いま、あらためてAVを観てみると、愛情表現であり愛を重ねる営みとしてのセックスというよりただの交尾のように感じてしまうこともあるほどです。AVが過激化した結果、実際のセックスでは物足りなく感じてしまうのか、オナニーでないとイケない男性も増えているとも聞きます。ただ、男性ばかりを責めてばかりはいられません。この現象には、女性の責任もあるように感じるからです。
潮吹きなどに対する幻想と同じように、ほとんどの男性たちが持っているのが「セックスは、〝男性が女性を気持ち良くさせてあげる〟もの」という固定観念でしょう。一方、女性はどうですか? ただただ男性に体を預け、気持ち良くしてもらおうという男性任せのセックスをしていないでしょうか? それって、わたしから見るとセックスでもなんでもありません。

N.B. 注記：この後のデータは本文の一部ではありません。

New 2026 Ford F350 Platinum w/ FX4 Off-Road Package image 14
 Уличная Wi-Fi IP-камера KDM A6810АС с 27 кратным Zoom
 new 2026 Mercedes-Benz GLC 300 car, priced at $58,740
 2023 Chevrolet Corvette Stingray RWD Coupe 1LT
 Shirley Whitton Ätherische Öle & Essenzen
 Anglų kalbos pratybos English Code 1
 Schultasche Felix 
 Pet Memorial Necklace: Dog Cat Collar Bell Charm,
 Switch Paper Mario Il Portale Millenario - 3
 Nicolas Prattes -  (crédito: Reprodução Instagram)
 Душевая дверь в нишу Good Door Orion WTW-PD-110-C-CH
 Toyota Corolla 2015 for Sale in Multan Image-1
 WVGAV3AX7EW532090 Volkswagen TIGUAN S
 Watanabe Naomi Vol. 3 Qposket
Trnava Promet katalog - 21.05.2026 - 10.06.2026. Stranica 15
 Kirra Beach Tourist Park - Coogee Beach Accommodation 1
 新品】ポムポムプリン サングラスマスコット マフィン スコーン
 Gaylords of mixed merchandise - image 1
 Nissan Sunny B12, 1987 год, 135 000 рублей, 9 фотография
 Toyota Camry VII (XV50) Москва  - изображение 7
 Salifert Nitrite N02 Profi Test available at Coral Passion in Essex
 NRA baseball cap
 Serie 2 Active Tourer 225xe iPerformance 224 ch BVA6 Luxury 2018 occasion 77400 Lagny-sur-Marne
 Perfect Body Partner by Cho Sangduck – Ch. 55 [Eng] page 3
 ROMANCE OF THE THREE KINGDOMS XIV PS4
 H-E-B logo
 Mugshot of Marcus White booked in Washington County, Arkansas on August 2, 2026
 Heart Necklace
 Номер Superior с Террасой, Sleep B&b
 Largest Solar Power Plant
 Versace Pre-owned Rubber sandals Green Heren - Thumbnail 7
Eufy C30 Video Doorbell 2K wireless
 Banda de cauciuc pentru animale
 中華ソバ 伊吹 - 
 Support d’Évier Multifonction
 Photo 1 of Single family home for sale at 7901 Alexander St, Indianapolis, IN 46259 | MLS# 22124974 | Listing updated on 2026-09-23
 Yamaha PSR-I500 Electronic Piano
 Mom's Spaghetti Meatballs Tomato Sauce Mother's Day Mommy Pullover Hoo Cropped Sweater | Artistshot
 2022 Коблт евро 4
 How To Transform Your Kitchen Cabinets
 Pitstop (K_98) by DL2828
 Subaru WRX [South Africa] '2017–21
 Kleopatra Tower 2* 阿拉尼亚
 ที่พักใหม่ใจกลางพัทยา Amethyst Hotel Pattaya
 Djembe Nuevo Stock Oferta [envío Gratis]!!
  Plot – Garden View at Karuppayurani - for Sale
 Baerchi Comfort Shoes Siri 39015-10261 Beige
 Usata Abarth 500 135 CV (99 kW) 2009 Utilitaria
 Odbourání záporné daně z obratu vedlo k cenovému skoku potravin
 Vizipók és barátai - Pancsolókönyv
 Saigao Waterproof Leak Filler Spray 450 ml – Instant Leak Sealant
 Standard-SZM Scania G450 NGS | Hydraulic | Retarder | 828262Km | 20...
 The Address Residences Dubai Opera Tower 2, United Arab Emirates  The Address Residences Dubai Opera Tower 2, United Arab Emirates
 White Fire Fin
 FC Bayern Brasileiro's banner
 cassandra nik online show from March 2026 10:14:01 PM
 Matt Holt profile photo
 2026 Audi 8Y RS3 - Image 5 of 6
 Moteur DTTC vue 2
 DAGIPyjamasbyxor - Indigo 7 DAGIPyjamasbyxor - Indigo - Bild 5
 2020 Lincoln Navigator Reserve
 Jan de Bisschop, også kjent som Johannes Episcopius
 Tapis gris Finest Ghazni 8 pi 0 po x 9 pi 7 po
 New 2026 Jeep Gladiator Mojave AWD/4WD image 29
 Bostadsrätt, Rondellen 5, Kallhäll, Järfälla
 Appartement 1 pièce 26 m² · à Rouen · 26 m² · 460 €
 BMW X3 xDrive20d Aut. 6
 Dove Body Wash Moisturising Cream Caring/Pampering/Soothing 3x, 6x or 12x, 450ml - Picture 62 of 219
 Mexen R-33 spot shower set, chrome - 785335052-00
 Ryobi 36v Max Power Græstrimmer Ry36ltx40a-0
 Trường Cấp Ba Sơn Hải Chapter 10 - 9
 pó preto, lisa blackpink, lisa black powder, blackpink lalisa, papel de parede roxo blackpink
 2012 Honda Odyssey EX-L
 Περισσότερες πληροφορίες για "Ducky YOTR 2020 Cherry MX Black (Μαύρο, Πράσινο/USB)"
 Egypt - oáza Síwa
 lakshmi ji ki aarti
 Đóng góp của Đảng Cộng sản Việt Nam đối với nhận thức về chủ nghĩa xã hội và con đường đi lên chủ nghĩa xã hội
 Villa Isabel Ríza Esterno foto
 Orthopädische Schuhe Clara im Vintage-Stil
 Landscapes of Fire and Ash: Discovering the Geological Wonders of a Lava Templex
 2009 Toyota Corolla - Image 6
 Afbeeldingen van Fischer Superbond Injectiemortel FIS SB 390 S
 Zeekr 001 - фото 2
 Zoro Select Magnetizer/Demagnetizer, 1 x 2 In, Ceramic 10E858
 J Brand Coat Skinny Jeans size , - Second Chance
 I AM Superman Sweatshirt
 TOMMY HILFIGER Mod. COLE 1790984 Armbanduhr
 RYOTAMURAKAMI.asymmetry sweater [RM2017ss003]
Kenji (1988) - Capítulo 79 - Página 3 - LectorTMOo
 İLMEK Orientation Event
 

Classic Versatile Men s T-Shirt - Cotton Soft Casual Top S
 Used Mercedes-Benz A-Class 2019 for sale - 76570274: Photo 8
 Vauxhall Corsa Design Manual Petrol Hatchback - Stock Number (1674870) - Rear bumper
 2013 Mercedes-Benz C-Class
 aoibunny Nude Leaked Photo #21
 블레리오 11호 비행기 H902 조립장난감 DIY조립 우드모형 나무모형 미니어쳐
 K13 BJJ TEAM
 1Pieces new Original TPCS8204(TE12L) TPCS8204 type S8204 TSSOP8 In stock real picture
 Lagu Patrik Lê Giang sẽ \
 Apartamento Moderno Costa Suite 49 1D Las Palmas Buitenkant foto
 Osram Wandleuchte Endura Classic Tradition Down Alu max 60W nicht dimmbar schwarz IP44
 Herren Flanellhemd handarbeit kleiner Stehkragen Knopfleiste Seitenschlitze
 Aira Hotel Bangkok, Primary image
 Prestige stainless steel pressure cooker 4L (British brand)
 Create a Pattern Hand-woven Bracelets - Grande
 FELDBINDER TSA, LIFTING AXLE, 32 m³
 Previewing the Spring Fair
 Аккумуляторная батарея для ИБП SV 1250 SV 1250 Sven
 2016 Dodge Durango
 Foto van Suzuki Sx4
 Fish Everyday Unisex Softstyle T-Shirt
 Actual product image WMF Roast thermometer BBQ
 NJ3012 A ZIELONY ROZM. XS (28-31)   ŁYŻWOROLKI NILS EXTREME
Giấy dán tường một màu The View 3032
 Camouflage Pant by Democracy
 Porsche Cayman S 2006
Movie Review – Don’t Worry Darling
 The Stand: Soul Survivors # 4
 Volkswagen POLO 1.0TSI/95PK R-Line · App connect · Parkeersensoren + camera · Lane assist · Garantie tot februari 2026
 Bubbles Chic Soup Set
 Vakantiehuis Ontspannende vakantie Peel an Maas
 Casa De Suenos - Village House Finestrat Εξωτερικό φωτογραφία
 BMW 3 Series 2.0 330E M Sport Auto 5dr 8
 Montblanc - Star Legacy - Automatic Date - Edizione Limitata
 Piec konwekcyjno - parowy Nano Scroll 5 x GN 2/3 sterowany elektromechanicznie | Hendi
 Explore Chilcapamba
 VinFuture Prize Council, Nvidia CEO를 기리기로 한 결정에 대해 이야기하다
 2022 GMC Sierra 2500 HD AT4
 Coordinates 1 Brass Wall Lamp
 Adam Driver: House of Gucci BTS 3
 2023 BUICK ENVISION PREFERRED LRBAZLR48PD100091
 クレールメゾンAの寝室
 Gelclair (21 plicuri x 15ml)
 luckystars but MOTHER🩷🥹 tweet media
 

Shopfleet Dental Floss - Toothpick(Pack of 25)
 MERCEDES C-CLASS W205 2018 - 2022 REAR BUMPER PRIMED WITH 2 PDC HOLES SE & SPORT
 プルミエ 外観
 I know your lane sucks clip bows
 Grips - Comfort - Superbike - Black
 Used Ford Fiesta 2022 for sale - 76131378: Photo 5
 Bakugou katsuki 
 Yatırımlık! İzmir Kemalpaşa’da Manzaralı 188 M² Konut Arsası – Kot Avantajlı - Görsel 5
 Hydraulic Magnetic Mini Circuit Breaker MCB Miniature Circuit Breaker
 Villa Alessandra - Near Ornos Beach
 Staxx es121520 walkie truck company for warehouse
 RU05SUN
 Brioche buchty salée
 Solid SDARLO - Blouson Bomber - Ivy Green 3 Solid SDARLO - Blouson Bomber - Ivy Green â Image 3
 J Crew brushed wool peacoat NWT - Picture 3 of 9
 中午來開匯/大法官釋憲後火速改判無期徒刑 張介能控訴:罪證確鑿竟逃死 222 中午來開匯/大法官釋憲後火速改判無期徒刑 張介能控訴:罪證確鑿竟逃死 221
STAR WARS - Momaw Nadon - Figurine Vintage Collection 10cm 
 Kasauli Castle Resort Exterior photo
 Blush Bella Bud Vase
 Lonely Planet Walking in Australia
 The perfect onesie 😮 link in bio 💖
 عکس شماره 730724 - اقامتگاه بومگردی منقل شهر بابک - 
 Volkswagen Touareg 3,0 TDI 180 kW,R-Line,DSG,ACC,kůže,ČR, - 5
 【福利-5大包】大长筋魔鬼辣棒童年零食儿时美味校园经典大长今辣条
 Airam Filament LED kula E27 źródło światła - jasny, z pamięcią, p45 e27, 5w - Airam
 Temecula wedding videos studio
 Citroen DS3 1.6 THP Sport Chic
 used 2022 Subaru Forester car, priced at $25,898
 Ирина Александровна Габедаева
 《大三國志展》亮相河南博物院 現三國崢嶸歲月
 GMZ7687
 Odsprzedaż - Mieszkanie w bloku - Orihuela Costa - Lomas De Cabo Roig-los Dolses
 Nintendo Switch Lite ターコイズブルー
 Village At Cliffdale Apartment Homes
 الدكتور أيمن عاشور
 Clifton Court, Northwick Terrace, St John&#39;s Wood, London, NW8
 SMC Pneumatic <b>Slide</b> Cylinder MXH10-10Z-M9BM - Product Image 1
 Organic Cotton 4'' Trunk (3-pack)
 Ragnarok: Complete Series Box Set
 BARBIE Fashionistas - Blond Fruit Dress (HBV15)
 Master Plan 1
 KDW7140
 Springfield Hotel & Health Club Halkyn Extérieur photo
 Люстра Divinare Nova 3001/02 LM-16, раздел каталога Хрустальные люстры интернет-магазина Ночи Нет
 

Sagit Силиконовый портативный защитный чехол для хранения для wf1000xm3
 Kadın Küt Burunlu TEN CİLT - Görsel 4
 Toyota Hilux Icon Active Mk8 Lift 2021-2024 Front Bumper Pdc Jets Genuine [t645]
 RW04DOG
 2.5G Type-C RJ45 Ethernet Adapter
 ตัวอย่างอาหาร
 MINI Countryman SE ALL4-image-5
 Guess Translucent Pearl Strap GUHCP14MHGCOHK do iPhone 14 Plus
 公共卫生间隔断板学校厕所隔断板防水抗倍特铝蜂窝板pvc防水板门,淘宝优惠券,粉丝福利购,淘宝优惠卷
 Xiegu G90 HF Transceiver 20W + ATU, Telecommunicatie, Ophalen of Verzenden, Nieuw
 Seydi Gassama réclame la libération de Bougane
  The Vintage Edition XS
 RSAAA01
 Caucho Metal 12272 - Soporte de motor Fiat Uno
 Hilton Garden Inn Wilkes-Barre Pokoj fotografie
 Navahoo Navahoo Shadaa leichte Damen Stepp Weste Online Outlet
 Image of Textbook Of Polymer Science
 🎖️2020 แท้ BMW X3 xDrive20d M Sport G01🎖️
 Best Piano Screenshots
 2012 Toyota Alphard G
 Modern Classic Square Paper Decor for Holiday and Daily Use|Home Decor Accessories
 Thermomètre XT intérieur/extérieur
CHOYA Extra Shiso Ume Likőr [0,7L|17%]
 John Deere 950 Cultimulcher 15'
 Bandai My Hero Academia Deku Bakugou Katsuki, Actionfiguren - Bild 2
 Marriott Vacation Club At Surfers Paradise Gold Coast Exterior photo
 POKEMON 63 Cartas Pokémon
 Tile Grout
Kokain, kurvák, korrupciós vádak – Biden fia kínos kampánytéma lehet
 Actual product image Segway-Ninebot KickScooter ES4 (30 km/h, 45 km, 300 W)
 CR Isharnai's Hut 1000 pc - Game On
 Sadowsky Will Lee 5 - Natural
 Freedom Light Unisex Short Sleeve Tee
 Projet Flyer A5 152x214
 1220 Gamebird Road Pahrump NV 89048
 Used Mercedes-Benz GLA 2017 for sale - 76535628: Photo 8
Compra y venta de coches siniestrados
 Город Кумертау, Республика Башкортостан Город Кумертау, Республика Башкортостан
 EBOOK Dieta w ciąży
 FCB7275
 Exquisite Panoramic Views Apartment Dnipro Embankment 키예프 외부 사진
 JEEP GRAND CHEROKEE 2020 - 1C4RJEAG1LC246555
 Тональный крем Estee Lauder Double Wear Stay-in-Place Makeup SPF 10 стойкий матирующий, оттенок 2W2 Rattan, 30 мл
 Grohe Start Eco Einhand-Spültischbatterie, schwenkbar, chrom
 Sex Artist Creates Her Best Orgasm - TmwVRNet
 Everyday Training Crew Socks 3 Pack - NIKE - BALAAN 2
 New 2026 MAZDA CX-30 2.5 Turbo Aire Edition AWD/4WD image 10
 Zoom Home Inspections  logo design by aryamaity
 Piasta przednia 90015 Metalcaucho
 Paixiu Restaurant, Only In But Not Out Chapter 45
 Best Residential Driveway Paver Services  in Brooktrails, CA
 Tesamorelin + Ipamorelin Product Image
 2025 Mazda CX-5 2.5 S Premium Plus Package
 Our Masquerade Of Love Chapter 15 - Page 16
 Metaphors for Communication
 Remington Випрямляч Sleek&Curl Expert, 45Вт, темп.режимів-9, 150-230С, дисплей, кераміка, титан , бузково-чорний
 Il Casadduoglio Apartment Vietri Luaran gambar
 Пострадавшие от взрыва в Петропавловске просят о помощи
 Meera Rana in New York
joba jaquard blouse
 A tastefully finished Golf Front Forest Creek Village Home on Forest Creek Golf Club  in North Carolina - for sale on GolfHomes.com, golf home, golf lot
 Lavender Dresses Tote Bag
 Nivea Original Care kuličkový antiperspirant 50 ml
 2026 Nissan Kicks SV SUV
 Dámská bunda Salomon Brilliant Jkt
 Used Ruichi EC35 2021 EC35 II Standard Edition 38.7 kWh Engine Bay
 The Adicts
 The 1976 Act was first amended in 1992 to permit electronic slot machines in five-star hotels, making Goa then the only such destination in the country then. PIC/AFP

ソープランドに来てくれるわたしのお客さまのなかにも、「なかなかイケないんだよねぇ」という人も実際にいらっしゃいます。それでも、わたしはその大半の人をちゃんとイカせることができます。もちろん、わたしの性的なテクニックを自慢しようというわけではありません。ここでお伝えしたいのは、世の男性たちと同じように、多くの女性にも「セックスは男性が女性を気持ち良くさせてあげるもの」、女性視点で言い換えれば「男性に気持ち良くしてもらうもの」という思い込みがあるということです。これも、恥ずかしがる女性を男性だけが一方的に愛撫するセックスばかり描いてきた、AVがもたらした〝罪〟のひとつかもしれません。
そうではなくて、「セックスはお互いが気持ち良くなるためにするもの」。そう考えをあらためるだけで、特別なテクニックなど覚えることもなく、自然とセックスの中身や充実度はまったくの別物になるはずです。そして、「女性がイクこと」をあたりまえのように描くのもAVの大きな問題点のひとつです。男性と比較すると、女性のオーガズムの仕組みはとても複雑。そのため、一度もイッたことがないという女性は男性が想像する以上に多いのです。
たとえオーガズム経験がある女性でも、イクためには集中力を要します。ここで、AVの撮影現場を想像してみてください。AV女優たちがイクことを求められるのは、カメラマン、音声さん、照明さんなどの何人ものスタッフに囲まれた明るい撮影現場。しかも、監督の「ここでイッて!」の指示に従って即座にイカなければなりません。経験豊富な百戦錬磨のAV女優であっても、とても集中できるような環境ではないですよね。つまり、AVで描かれている女性のオーガズムも、その多くは演技(もちろん本当のオーガズムもあるけれど)だということです。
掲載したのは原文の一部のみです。